Lo scoglio su cui sembra tuttavia essersi – almeno per ora – arenata l’attuazione della delega è il requisito della “invarianza del gettito delle singole imposte” (l’imposta di registro, l’Irpef sui redditi di fabbricati, l’IMU), che ovviamente sarebbe pesantemente influenzato dai nuovi valori patrimoniali e dalle nuove rendite, in un frangente in cui il peso della tassazione sugli immobili è triplicato in pochi anni. Ma come sarebbe ottenuta l’invarianza complessiva del gettito, in un contesto di generalizzata espansione delle basi imponibili? La risposta è in apparenza molto semplice: la delega prevede infatti la contestuale modifica di aliquote, deduzioni, detrazioni e franchigie, onde evitare un aggravio fiscale. Insomma, se le basi imponibili crescono, onde garantire l’invarianza del gettito le aliquote devono scendere, e le deduzioni aumentare.

E tuttavia l’idea che si possano bilanciare le maggiori basi imponibili con minori aliquote e maggiori deduzioni sembra all’atto pratico difficilmente attuabile. Anzitutto, se l’invarianza del gettito è riferita alle singole imposte il cui presupposto e base imponibile sono influenzati dalle stime di valori patrimoniali e rendite, non è chiaro se tale invarianza debba sussistere solo a livello nazionale od anche a livello locale. Dichiarazioni di esponenti del Governo lasciano intendere che tale invarianza sarebbe stata sancita a livello locale.
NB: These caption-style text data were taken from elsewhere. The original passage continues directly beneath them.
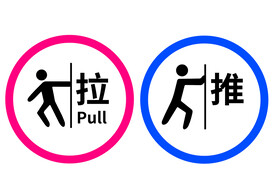 推拉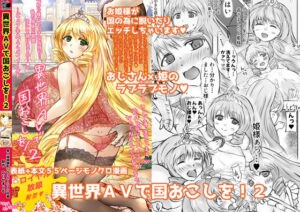 異世界AVで国おこしを！2(衆人環視撮影シチュエーション性癖/むりせずとも) [d_288485]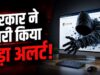 Tech Alert : Google Chrome में बड़ा सिक्योरिटी खतरा, सरकार की चेतावनी — तुरंत करें अपडेट वरना हैक हो सकता है बैंक अकाउंट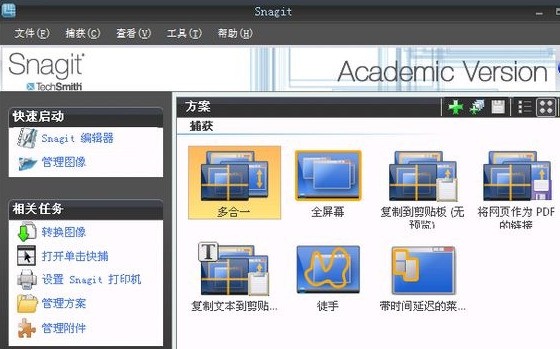 SnagIt 19.1.2.3596中文版软件截图（1）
Quel che il legislatore non sembra però non aver considerato è che in questo modo le imposte che hanno quale base imponibile il valore patrimoniale o locativo dei fabbricati finirebbero per trasformarsi in imposte di ripartizione, un po’ com’era la prima imposta di ricchezza mobile voluta da Quintino Sella e Marco Minghetti, nella tassazione “per contingente”. Nelle imposte di ripartizione, veniva dapprima fissato, a livello nazionale, il gettito da riscuotere, e poi questo era ripartito sulle singole comunità territoriali, all’interno delle quali l’effettiva incidenza del tributo sui singoli dipendeva da particolari parametri (il reddito fondiario, la popolazione, etc.).

Orbene, la riforma prefigurata dalla L. 23/2014 finirebbe per reintrodurre surrettiziamente nel nostro ordinamento delle vere e proprie imposte di ripartizione: proprio come nelle imposte di contingente, aliquote e deduzioni non potrebbero essere fissate a priori, secondo regole generali e astratte, poiché a guidare l’intero processo sarebbe l’ammontare (già conosciuto) del gettito. Se le nuove basi imponibili devono accompagnarsi a invarianza del gettito, ciò significa che – a parità di gettito complessivo, sia pure a livello locale – alcuni pagherebbero di più, altri pagherebbero di meno, in funzione di un parametro rappresentato appunto dai valori patrimoniali e dalle nuove rendite. Ma per garantire l’invarianza del gettito occorrerebbe una imposizione personalizzata, cioè aliquote fissate non soltanto comune per comune, ma immobile per immobile. E lo stesso dicasi per deduzioni, detrazioni e franchigie. E non si comprende come la personalizzazione delle aliquote potrebbe aver luogo in relazione ad imposte – quali il registro o l’Irpef nazionale – su cui gli enti locali non hanno possibilità di intervento. Insomma, l’attuazione della riforma del catasto come delineata nei suoi principi generali dalla delega del 2014 porterebbe ad una situazione caotica e ingestibile

Possibile che nessuno se ne sia accorto? Spero tanto di sbagliarmi, e che qualcuno mi spieghi perché.